REQUIREMENT:
Copy verbatim the block of lines in the entries below whose first line contains "ホンダ オデッセイ アブソルート" and whose last line contains "ET25 (IN STOCK)". Leave out all other lines.

DATA:
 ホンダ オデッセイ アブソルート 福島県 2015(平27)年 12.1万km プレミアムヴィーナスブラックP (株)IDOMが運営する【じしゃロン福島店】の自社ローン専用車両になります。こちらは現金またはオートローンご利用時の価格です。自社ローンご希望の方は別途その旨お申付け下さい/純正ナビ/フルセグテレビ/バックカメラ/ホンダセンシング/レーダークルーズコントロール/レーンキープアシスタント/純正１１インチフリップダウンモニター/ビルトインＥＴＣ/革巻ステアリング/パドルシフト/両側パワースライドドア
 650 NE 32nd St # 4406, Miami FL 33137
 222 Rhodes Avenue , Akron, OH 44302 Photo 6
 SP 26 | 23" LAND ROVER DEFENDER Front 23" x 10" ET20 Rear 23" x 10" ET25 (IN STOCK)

==

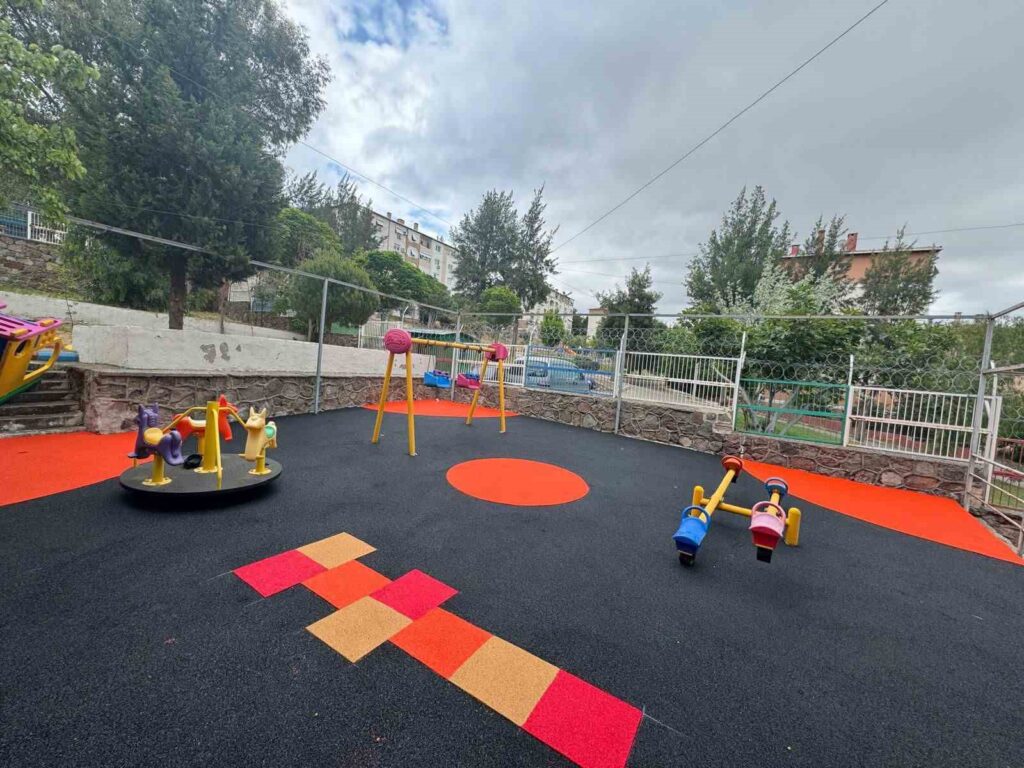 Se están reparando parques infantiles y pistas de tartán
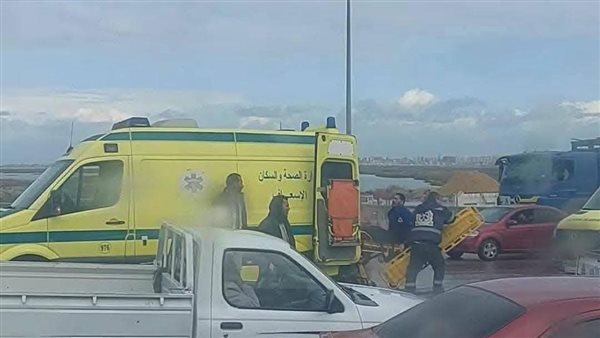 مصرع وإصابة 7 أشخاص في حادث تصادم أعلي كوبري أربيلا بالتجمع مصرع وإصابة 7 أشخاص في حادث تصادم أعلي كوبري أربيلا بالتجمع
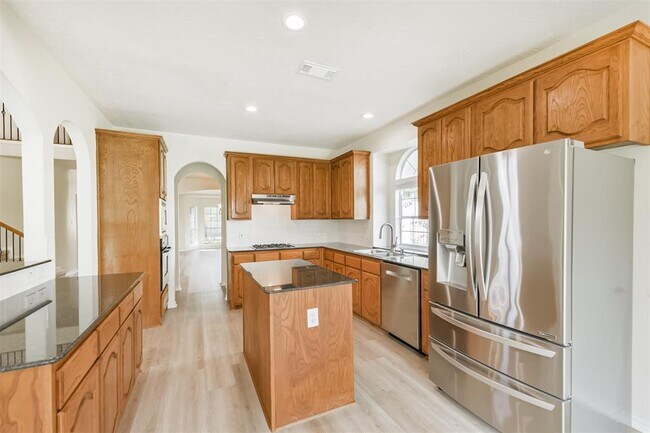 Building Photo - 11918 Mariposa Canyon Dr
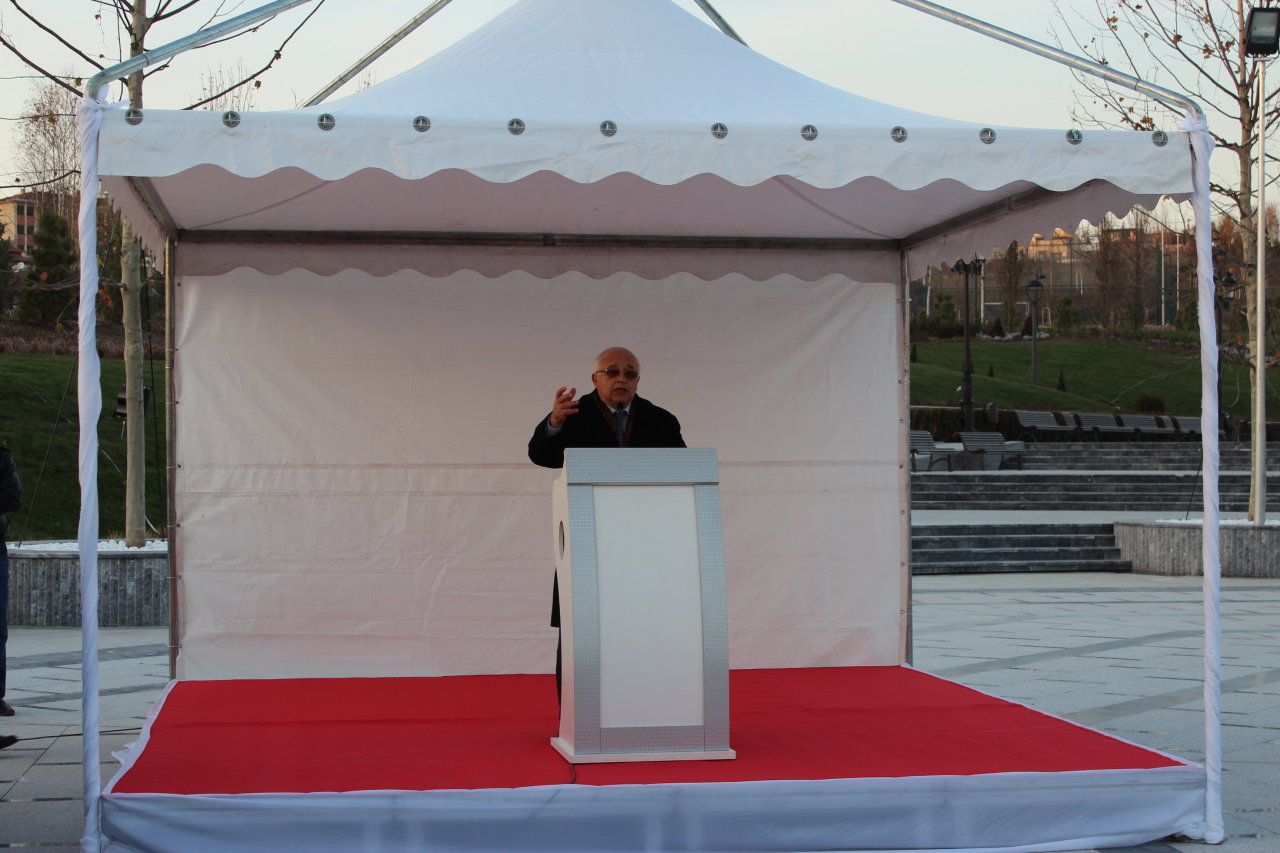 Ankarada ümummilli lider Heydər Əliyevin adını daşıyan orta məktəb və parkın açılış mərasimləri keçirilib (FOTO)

ANSWER SPACE:
 ホンダ オデッセイ アブソルート 福島県 2015(平27)年 12.1万km プレミアムヴィーナスブラックP (株)IDOMが運営する【じしゃロン福島店】の自社ローン専用車両になります。こちらは現金またはオートローンご利用時の価格です。自社ローンご希望の方は別途その旨お申付け下さい/純正ナビ/フルセグテレビ/バックカメラ/ホンダセンシング/レーダークルーズコントロール/レーンキープアシスタント/純正１１インチフリップダウンモニター/ビルトインＥＴＣ/革巻ステアリング/パドルシフト/両側パワースライドドア
 650 NE 32nd St # 4406, Miami FL 33137
 222 Rhodes Avenue , Akron, OH 44302 Photo 6
 SP 26 | 23" LAND ROVER DEFENDER Front 23" x 10" ET20 Rear 23" x 10" ET25 (IN STOCK)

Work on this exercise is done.